▶ Records supplied
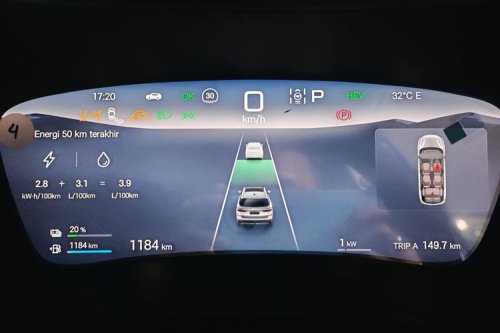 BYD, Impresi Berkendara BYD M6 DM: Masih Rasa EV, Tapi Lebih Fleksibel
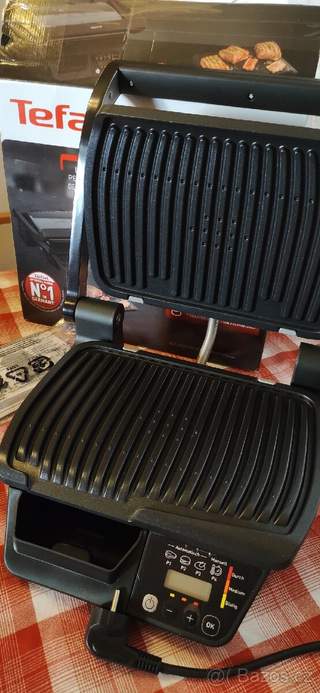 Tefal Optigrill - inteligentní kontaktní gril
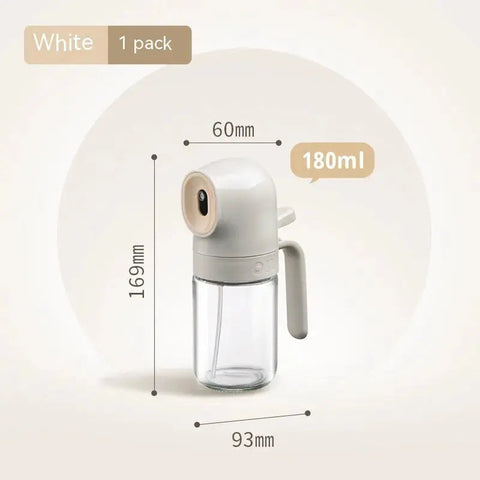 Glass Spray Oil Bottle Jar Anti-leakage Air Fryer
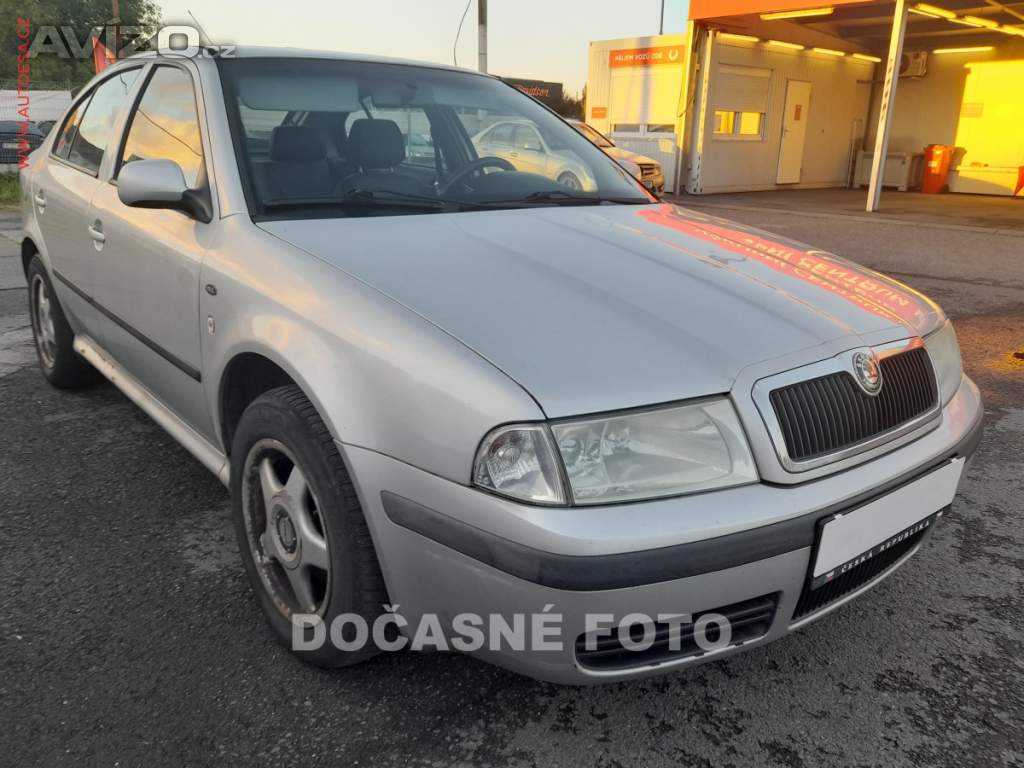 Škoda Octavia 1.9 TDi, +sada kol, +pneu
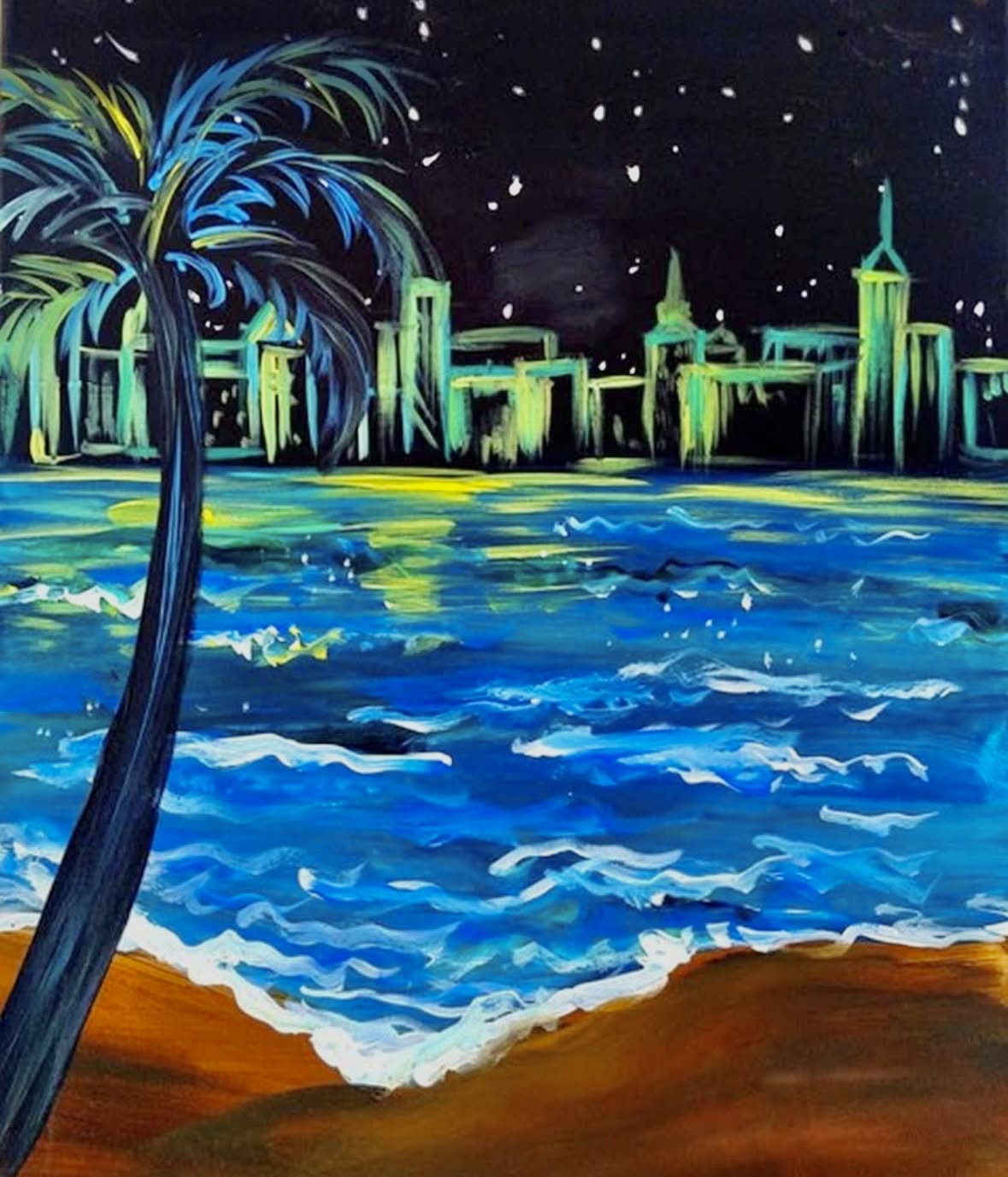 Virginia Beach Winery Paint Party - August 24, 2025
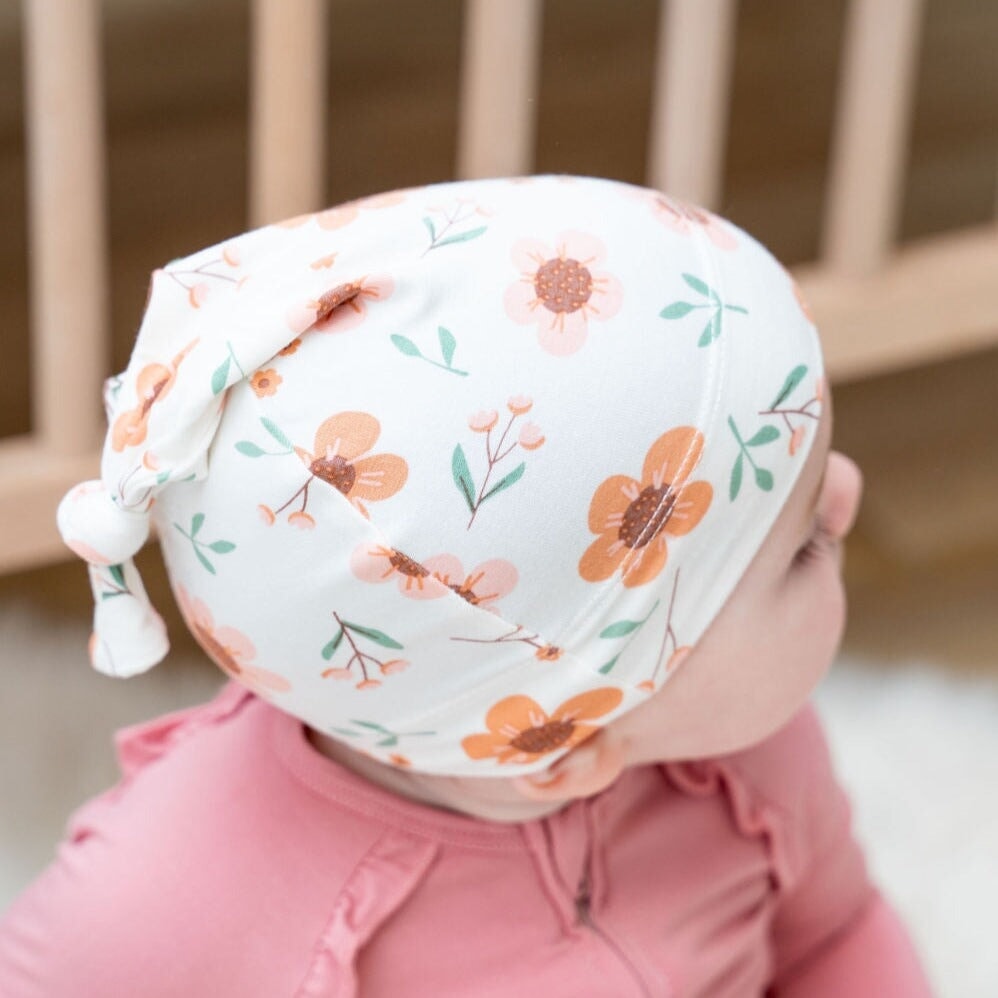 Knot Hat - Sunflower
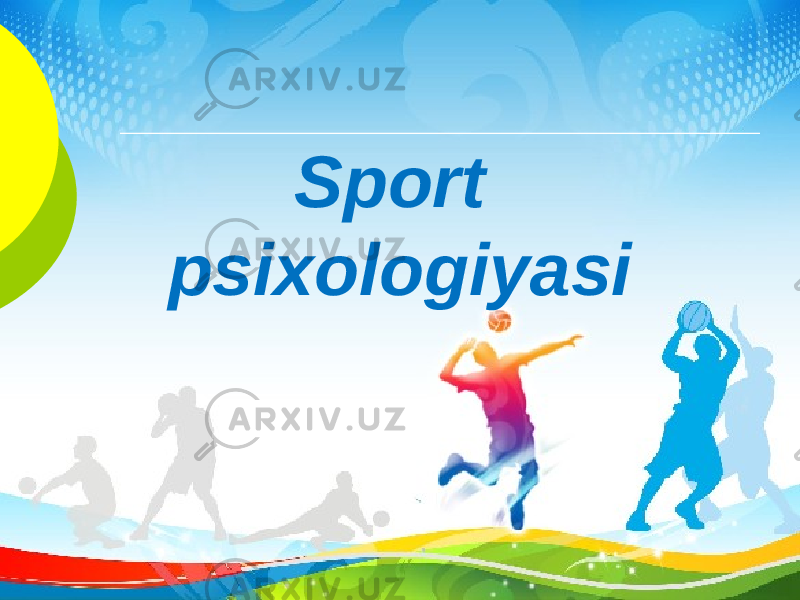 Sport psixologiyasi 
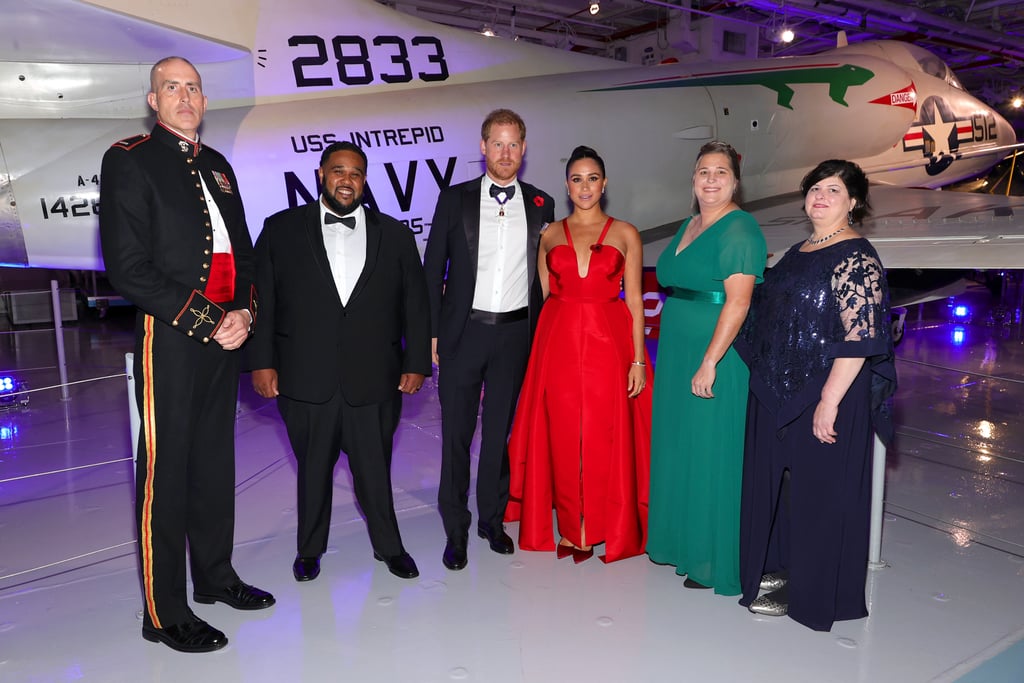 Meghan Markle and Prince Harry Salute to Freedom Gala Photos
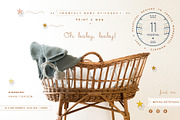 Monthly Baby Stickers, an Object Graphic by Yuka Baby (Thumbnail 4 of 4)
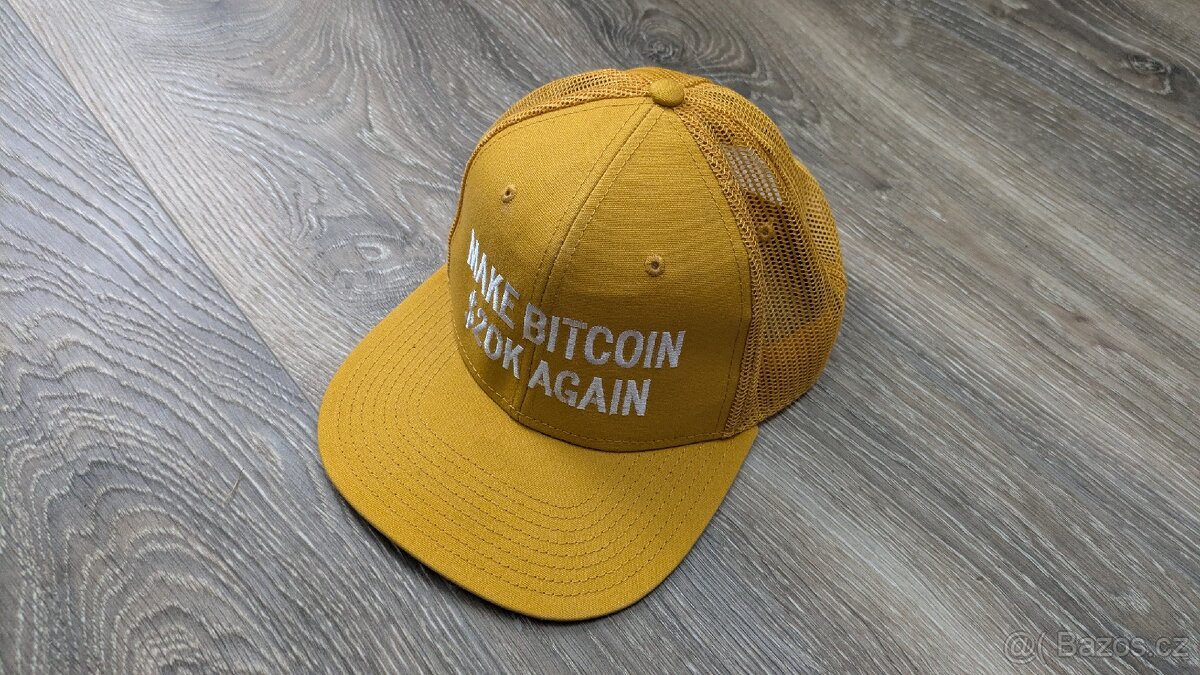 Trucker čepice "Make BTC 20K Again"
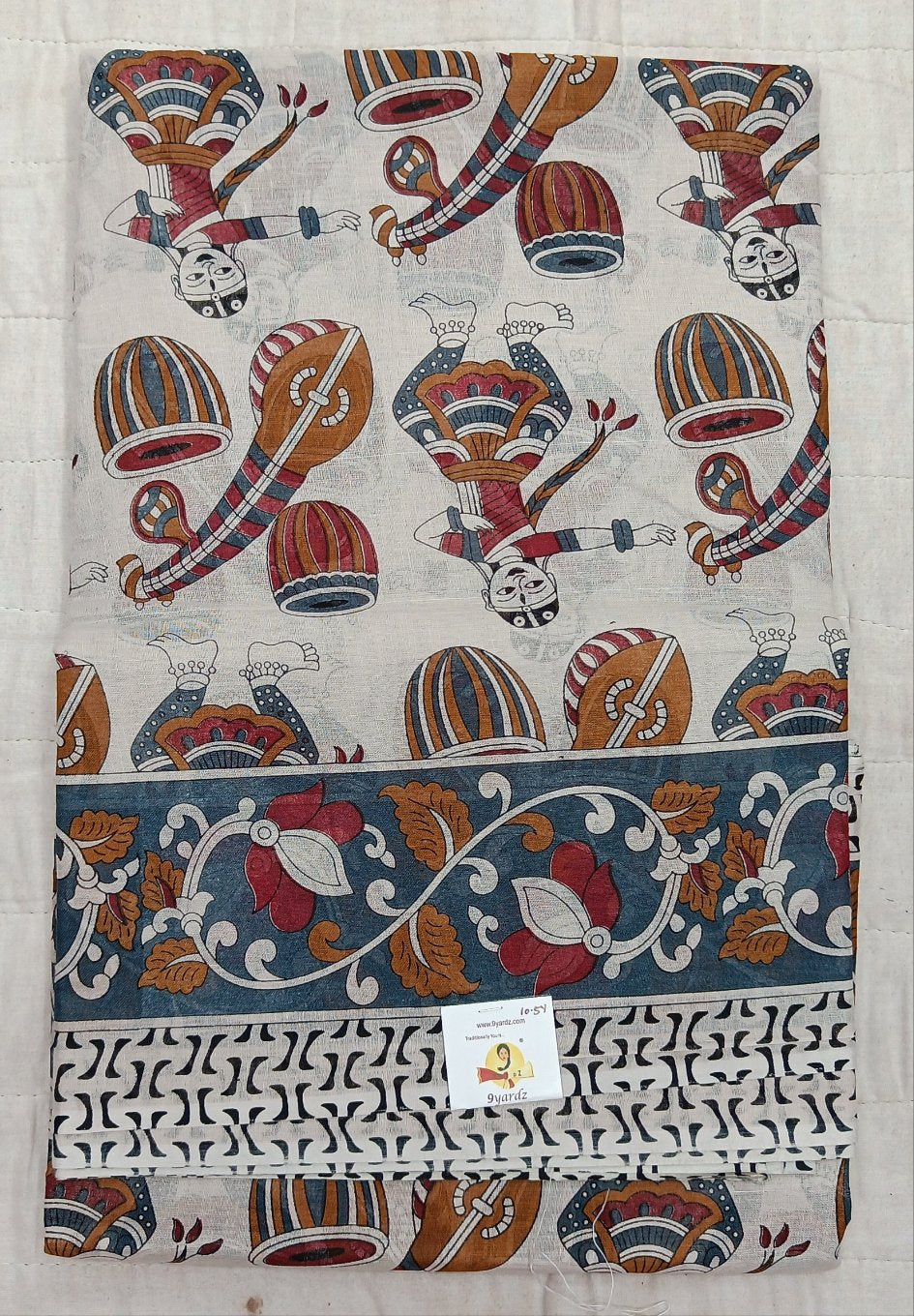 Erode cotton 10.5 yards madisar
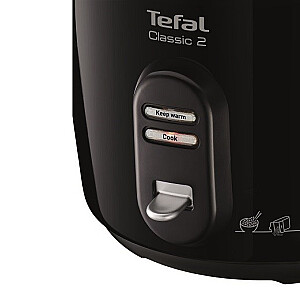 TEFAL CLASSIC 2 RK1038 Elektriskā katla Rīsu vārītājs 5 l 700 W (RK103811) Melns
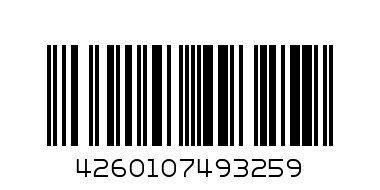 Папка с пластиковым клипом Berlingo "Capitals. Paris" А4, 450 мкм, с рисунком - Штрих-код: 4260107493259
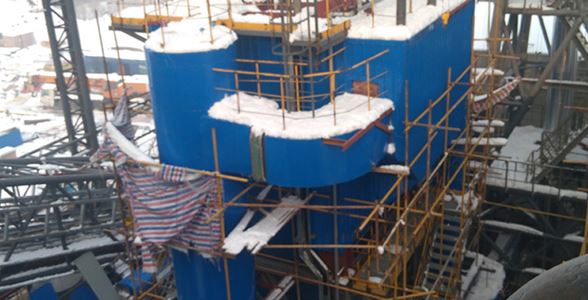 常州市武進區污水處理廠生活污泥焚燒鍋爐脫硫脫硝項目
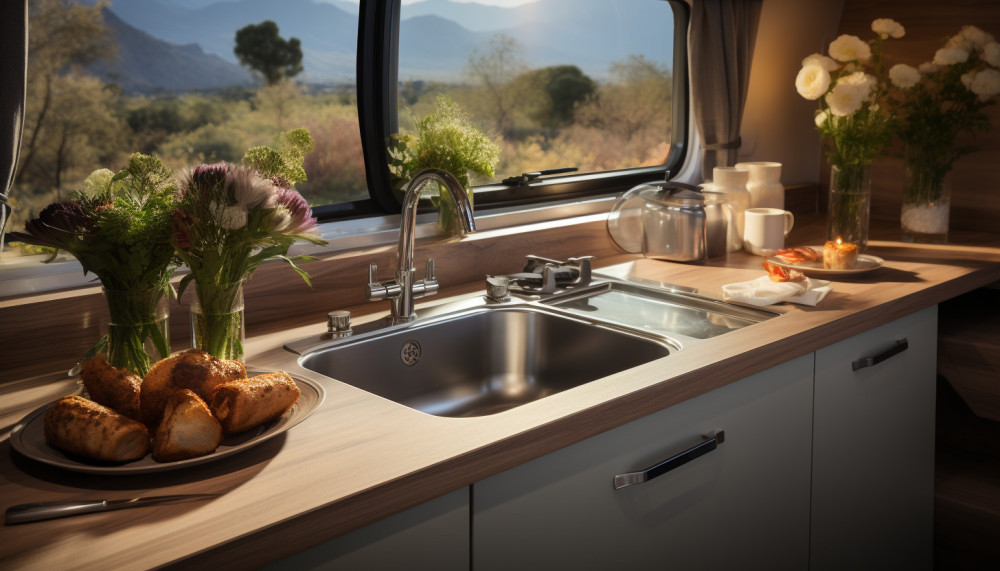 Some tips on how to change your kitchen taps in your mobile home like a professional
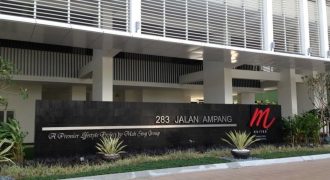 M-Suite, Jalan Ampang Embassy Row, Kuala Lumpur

▶ What is required
Pictures are to be left out while the lines from the beginning of the records through the line with "Папка с пластиковым" are copied word for word.

▶ Problem solution
 BYD, Impresi Berkendara BYD M6 DM: Masih Rasa EV, Tapi Lebih Fleksibel
 Tefal Optigrill - inteligentní kontaktní gril
 Glass Spray Oil Bottle Jar Anti-leakage Air Fryer
 Škoda Octavia 1.9 TDi, +sada kol, +pneu
 Virginia Beach Winery Paint Party - August 24, 2025
 Knot Hat - Sunflower
 Sport psixologiyasi 
 Meghan Markle and Prince Harry Salute to Freedom Gala Photos
 Monthly Baby Stickers, an Object Graphic by Yuka Baby (Thumbnail 4 of 4)
 Trucker čepice "Make BTC 20K Again"
 Erode cotton 10.5 yards madisar
 TEFAL CLASSIC 2 RK1038 Elektriskā katla Rīsu vārītājs 5 l 700 W (RK103811) Melns
 Папка с пластиковым клипом Berlingo "Capitals. Paris" А4, 450 мкм, с рисунком - Штрих-код: 4260107493259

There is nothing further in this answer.